**Image-caption web data:**
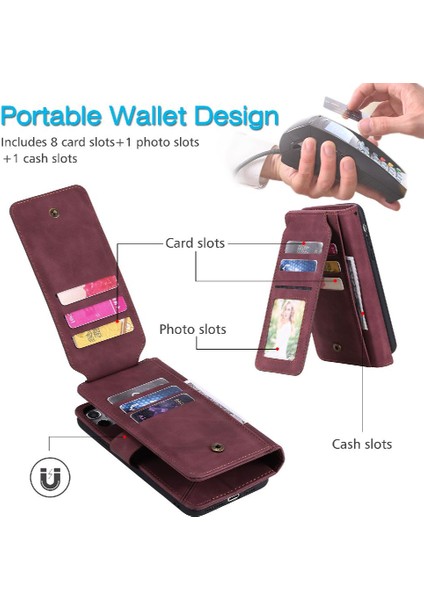 Samsung Galaxy S23 Artı Pu Deri Kart Tutucu Kickstand Cüzdan (Yurt Dışından) indirimleri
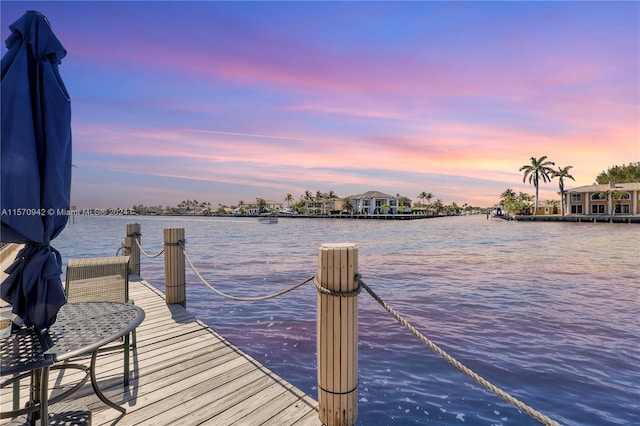 dock area featuring a water view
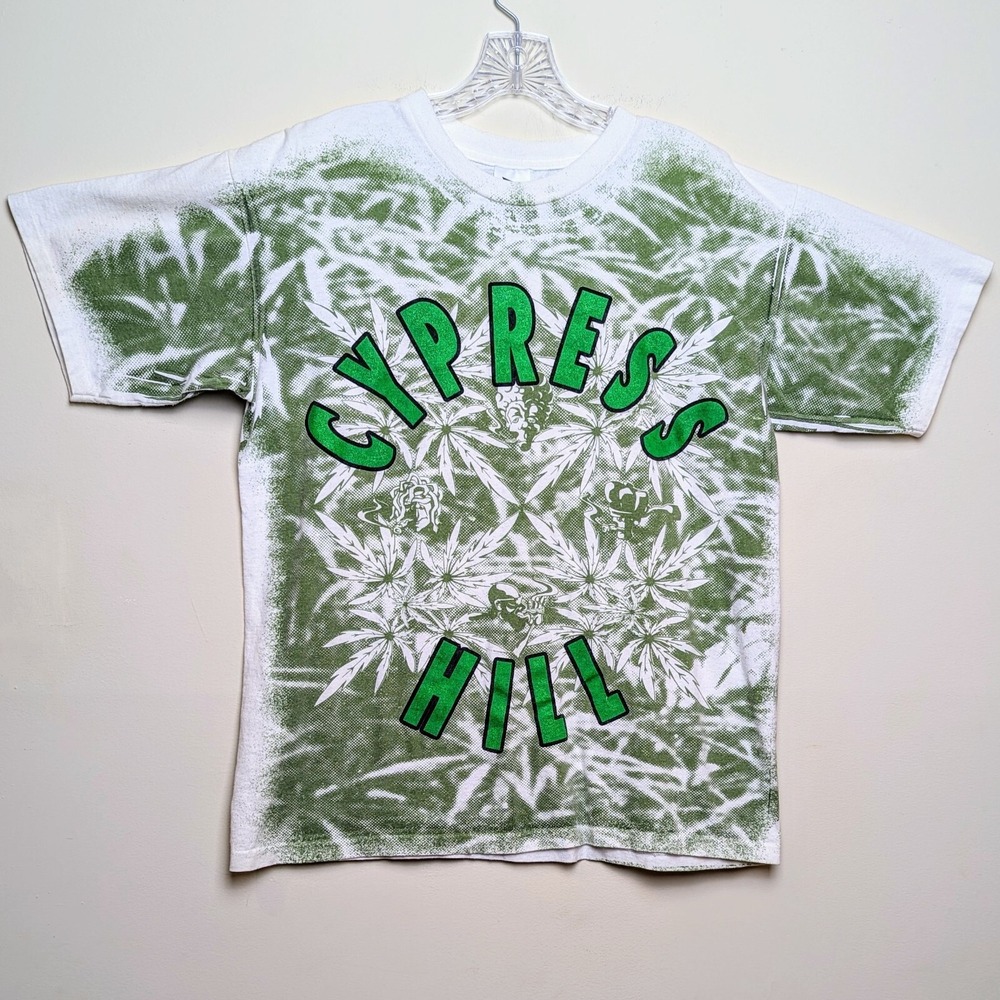 Cypress Hill VTG 90s Marijuana Weed All Over Print AOP Single Stitch Shirt Large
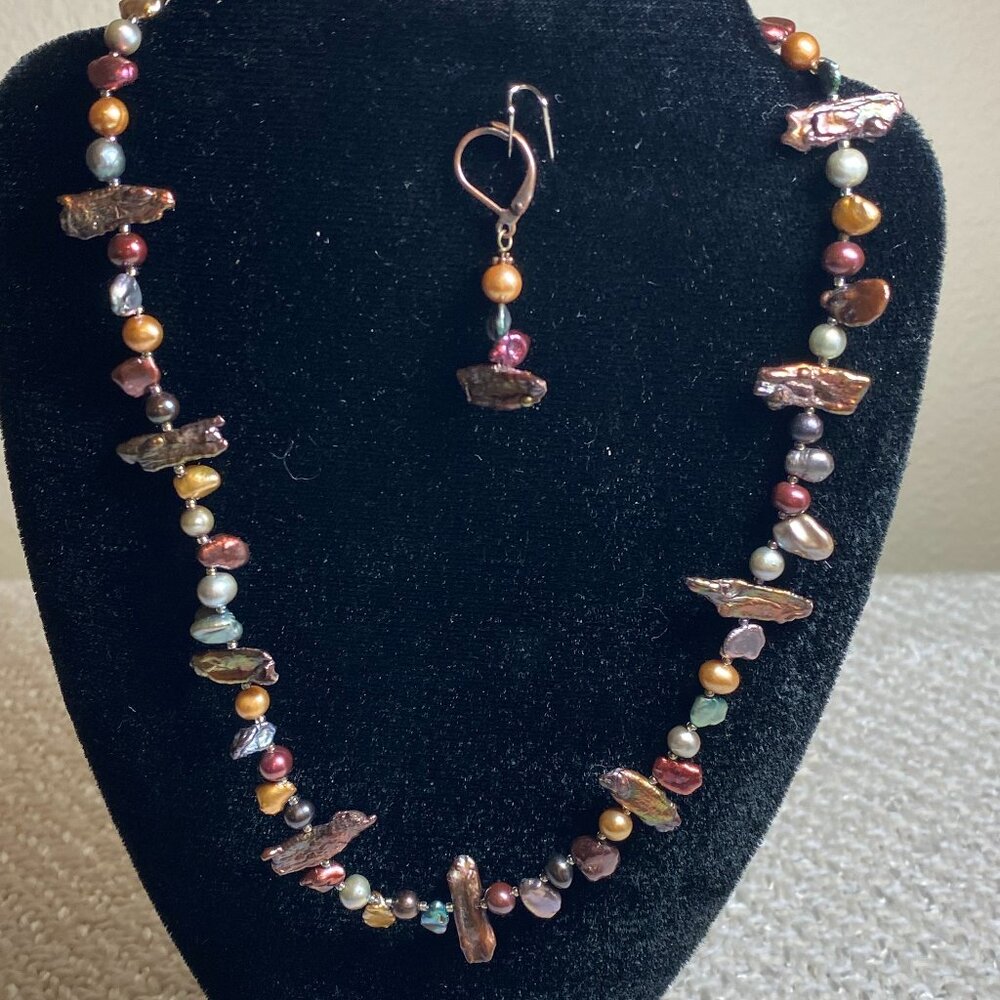 Natural seeded pearl multi colored necklace and earrings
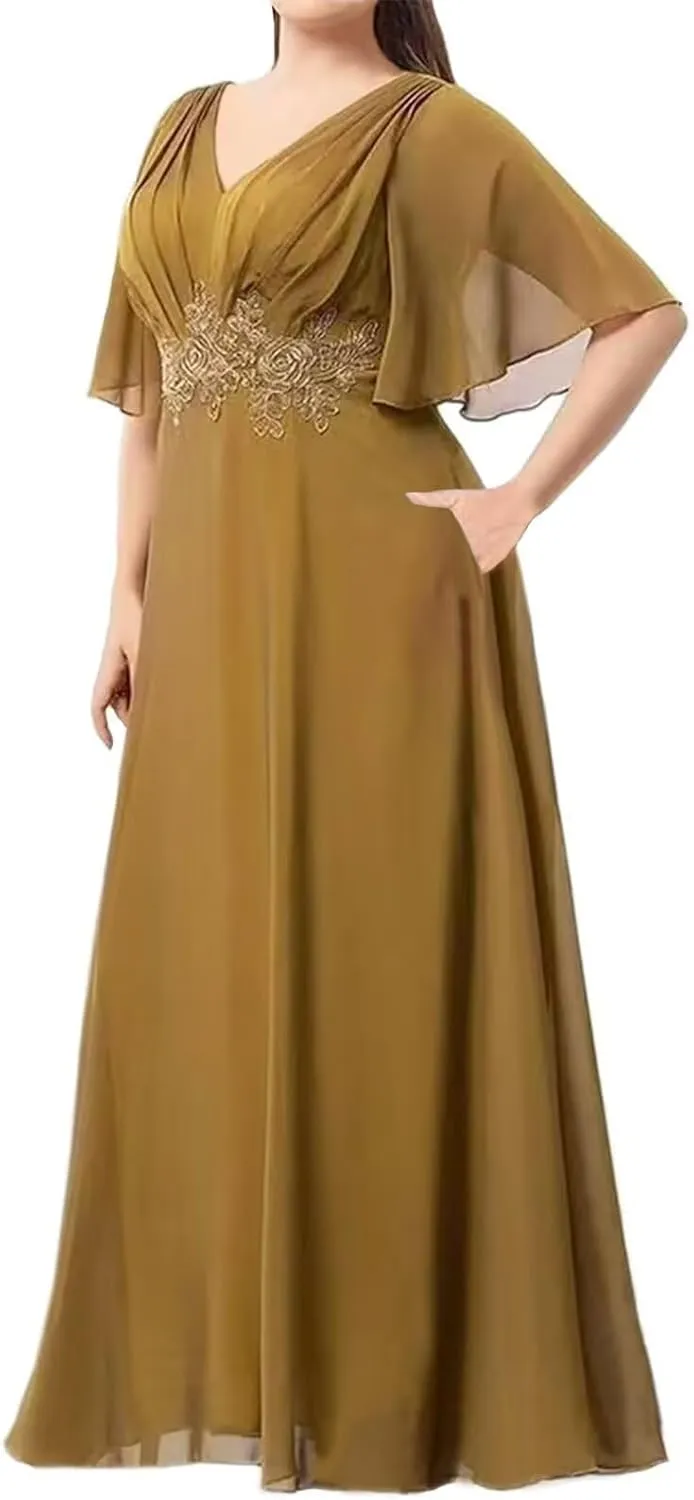 Floor Length Chiffon Mother of The Bride Dresses Flutter Sleeves A-Line Pleated Prom Dresses for Wedding Guest DR0732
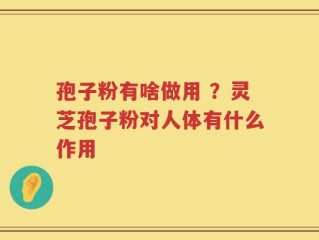 孢子粉有啥做用 ？灵芝孢子粉对人体有什么作用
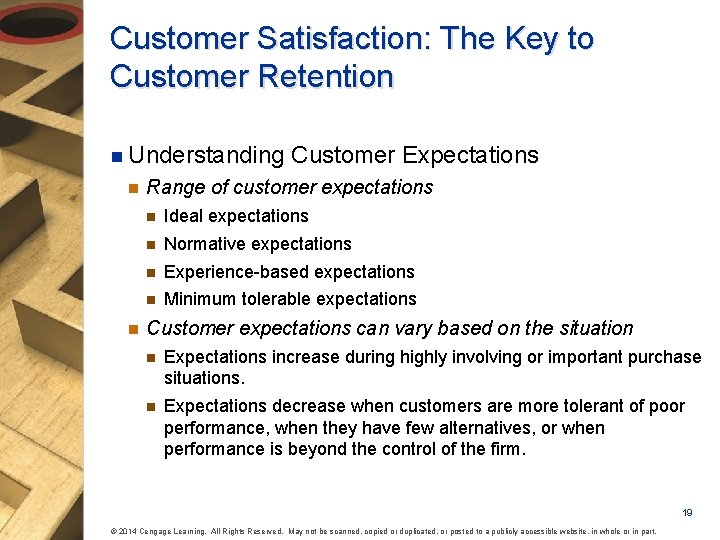 Customer Satisfaction: The Key to Customer Retention n Understanding n n Customer Expectations Range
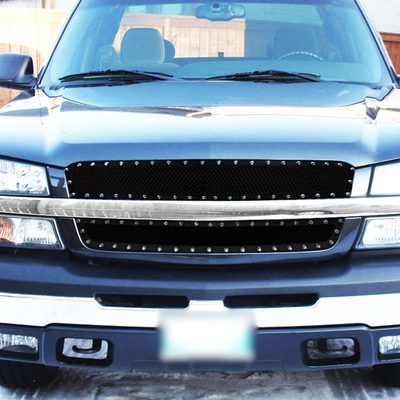 2003-2006 Chevy Silverado/Avalanche Rivet Black Steel 2PC Mesh Grille Insert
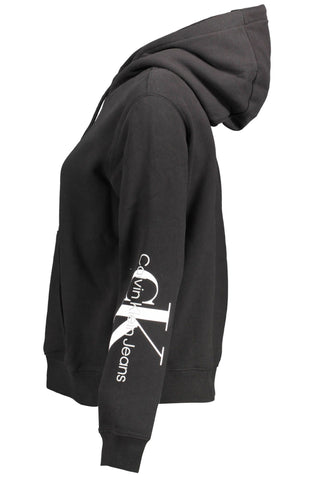 Sleek Black Cotton Hoodie With Bold Print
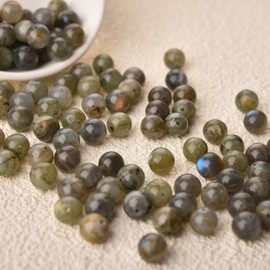 100PCS Natural Stone 6MM DIY Agate Round Loose Gemstone Smooth Beads with Hole for Necklace Bracelets Earring Making with Free Crystal Stretch Cord（Labradorite）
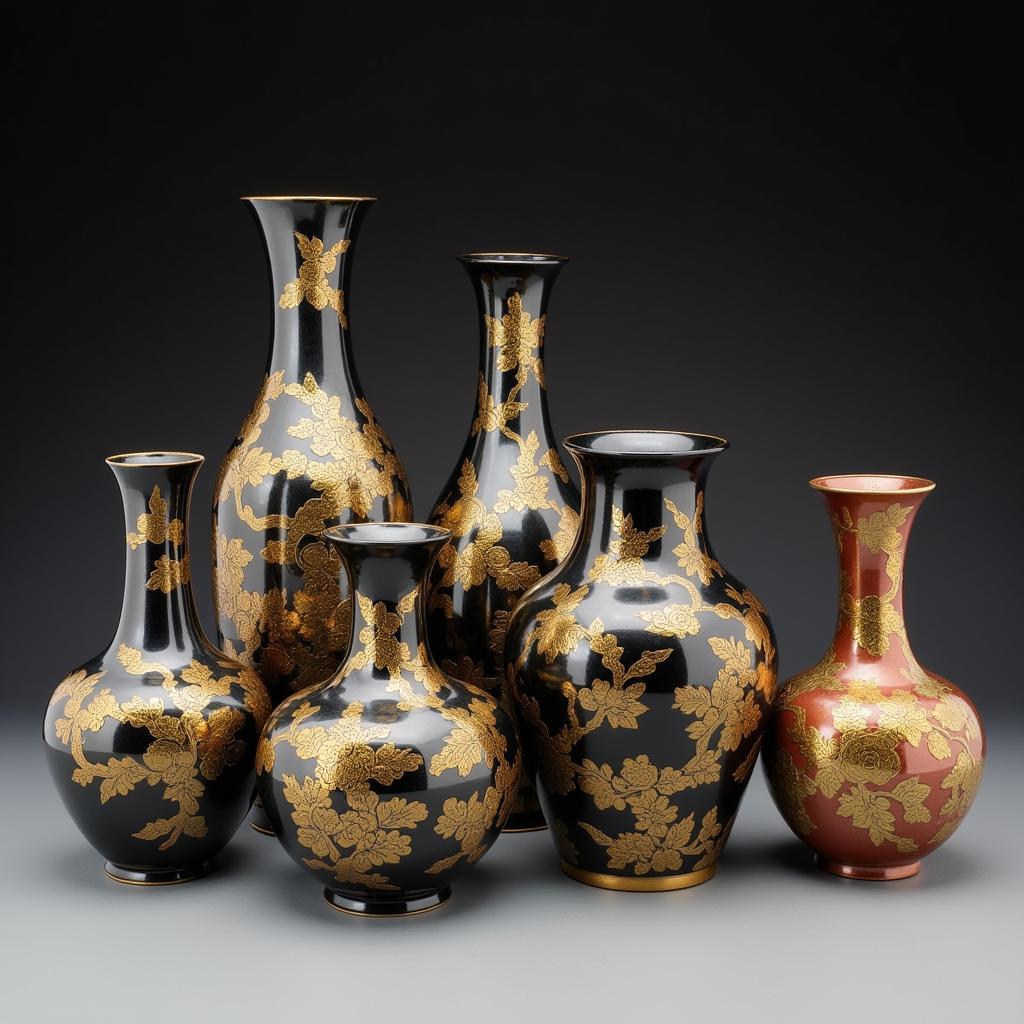 Various Designs of Chokin Art Vases with 24kt Gold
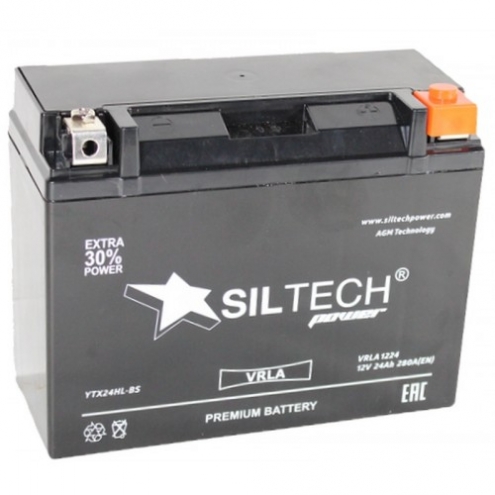 Аккумулятор SILTECH VRLA 1224 YTX24HL-BS 12V24 0(R+)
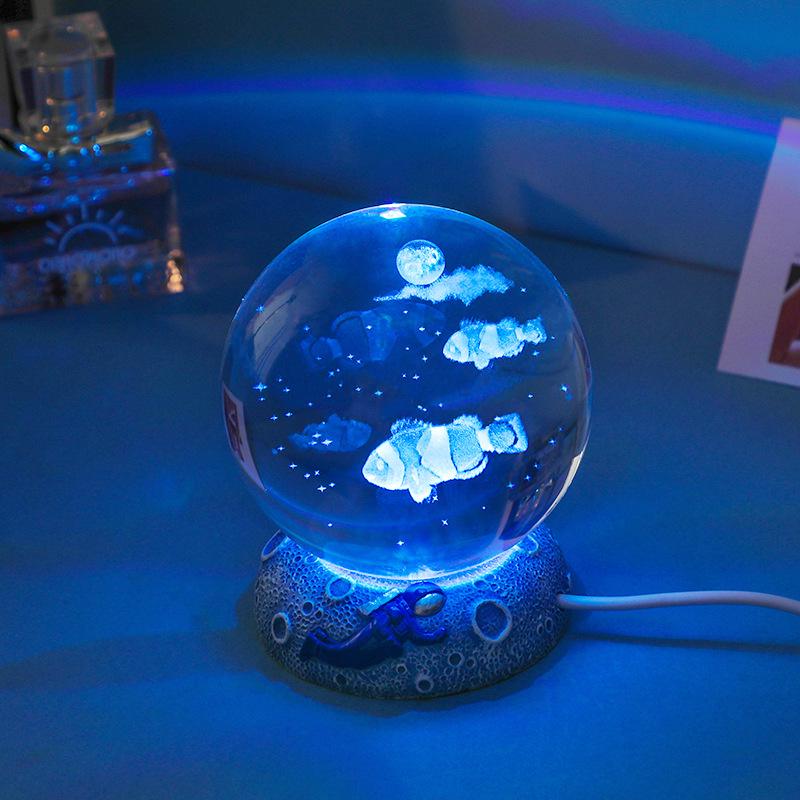 3D Laser Crystal Ball Night Light with Luminous Base - Decorative Desktop Ornament and Gift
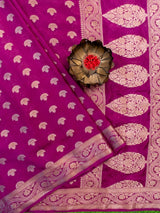 Banarasi Semi Chiffon Saree Antique Zari Buti Weaving Saree-Deep Purple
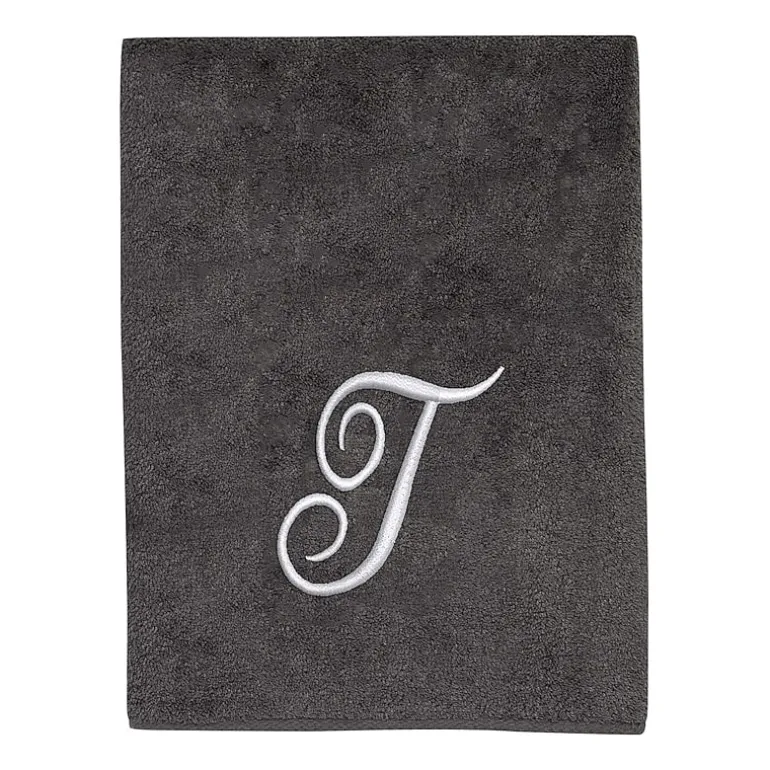 Avanti Premier Script Monogram Granite/Silver Bath Towel Collection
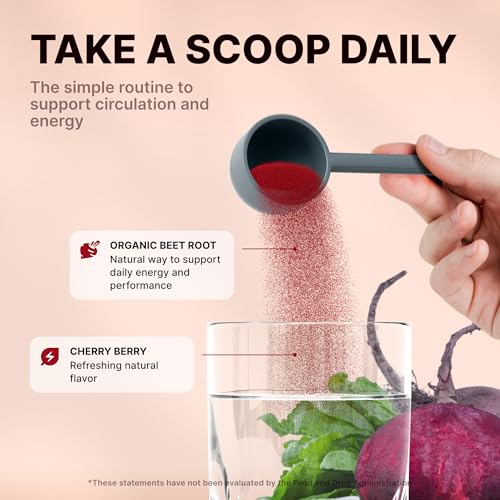 Smoothie with beet powder, rich red hue, convenient daily drink for ongoing energy.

**TASK STATEMENT:** Pictures stay out; reproduce every line of the records exactly.

**ANSWER TO THE PROBLEM:**
 Samsung Galaxy S23 Artı Pu Deri Kart Tutucu Kickstand Cüzdan (Yurt Dışından) indirimleri
 dock area featuring a water view
 Cypress Hill VTG 90s Marijuana Weed All Over Print AOP Single Stitch Shirt Large
 Natural seeded pearl multi colored necklace and earrings
 Floor Length Chiffon Mother of The Bride Dresses Flutter Sleeves A-Line Pleated Prom Dresses for Wedding Guest DR0732
 孢子粉有啥做用 ？灵芝孢子粉对人体有什么作用
 Customer Satisfaction: The Key to Customer Retention n Understanding n n Customer Expectations Range
 2003-2006 Chevy Silverado/Avalanche Rivet Black Steel 2PC Mesh Grille Insert
 Sleek Black Cotton Hoodie With Bold Print
 100PCS Natural Stone 6MM DIY Agate Round Loose Gemstone Smooth Beads with Hole for Necklace Bracelets Earring Making with Free Crystal Stretch Cord（Labradorite）
 Various Designs of Chokin Art Vases with 24kt Gold
 Аккумулятор SILTECH VRLA 1224 YTX24HL-BS 12V24 0(R+)
 3D Laser Crystal Ball Night Light with Luminous Base - Decorative Desktop Ornament and Gift
 Banarasi Semi Chiffon Saree Antique Zari Buti Weaving Saree-Deep Purple
 Avanti Premier Script Monogram Granite/Silver Bath Towel Collection
 Smoothie with beet powder, rich red hue, convenient daily drink for ongoing energy.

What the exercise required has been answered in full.